I reminded myself that I'm human. 
I'm not a weight loss machine. 
You win some, you lose some. 
It's part of the journey. 
And 98.8lbs is equally as commendable as 100lbs.

13 comments:

Sherrie said...

Dang! I'm so sorry to hear that the scale screwed you this week, but I love your statement that you are already there, the rest is just numbers. That is awesome! (And we are now at exactly the same total loss, 98.8 pounds. See, you just wanted me to feel better about myself by not leaving me behind...what a supportive blog friend you are.) ;). Good luck next week, you'll knock it out of the park soon.

ROBINCREDIBLE said...

Love this post. You are amazing and inspiring to people worldwide. And you are HUMAN! I would have raised hell!!!! But like I always say, YOU GOT THIS!

misty said...

This post right here is exactly why you are such an inspiration to so many-whether they have lost 75lbs or just starting out like myself. You are human. You're not just a success story, you have bad days too! And
you're right, you have made it- the rest is just numbers! Congrats on your 98.8lbs and counting :)

Sus said...

Congrats on your journey!! Yeah, this day was a disappointment, but your journey has been, and will continue to be, such a success!! I thank you, for you are an inspiration! Sorry you had a rough morning, but it sounds like you've already moved on and are ready to keep on truckin'! Get it girl!!

Fit Mom said...

I too would be pissed at being so close to a huge milestone only to have it delayed...so I understand your feelings.

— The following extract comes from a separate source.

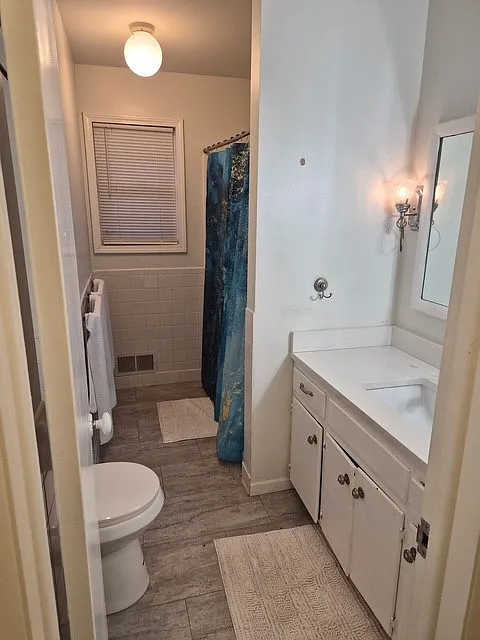 8844 Summit Street - 2 — Photo 2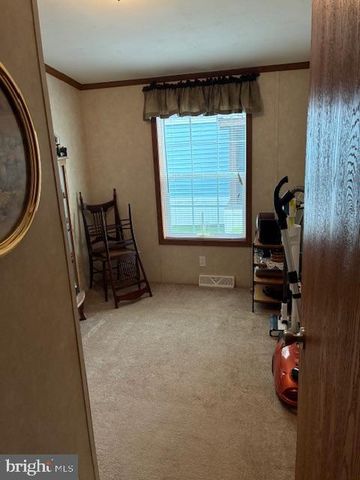 9 S GREEN ACRES CIRCLE, Akron, PA 17501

BUT you have a great attitude and you will get there numbers wise. You look fantastic! You have an itty bitty waist! And you will be fitting into size 6 pants! And you got an awesome dress!!

Way to vent, pick yourself back up, and move on!

Unknown said...

I can't wait to watch you get there! You are so awesome, and will be there in NO time at all!

I do completely understand though, when something is so close you can taste it, it has to be VERY frustrating.

You have GOT this! And you look fabulous to boot!

Sarah said...

I was like that when I was about to hit the 100 pount lost mark. I think I did exactly the same thing. It looks like you did well handling the situation. You will get there, cause you're awesome.

Sarah
Notaneffingdiet.blogspot.com

daphneCT said...

I'm so freaking proud of you! You are just what we all need. What you share with us is REAL!! There's no "cut, let's try that a different way" WE are humans and with anything that we try to accomplish there will be highs lows, ups downs, and you are continuing to to bob and weave through it all and look at all that honesty and hard work paying off -99.8 pounds and rocking skinny jeans, girl you are PHENOMENAL!!!! I love you

Johanna said...

Youre human! Give yourself a break! You LOST 98.8lbs! That's amazing in itself. Like you say you gotta focus on The NSV's sz 22(?) to size 6 is uh mazing! Id be pissed too. But 0.2lbs doesn't change anything that your slim n sexy body is working with. Chill out honey. You got it in the bag! Xoxo wishing you the best.

Johanna said...

99.8lbs* sorry. Lol

Princess Dieter aka Mir said...

It really IS just a number. Look at your pics. YOu are so hot. So pretty. So slim. So shapely. So dang amazing looking. The pound and change to that milestone....it's not the big thing. The big thing is YOU and how far you've come and how amazing you look and feel. Right?

But you'll get there. Just a number. Cause you already arrived...

safire said...

I totally understand what it feels like to expect a loss and see a gain (small or not).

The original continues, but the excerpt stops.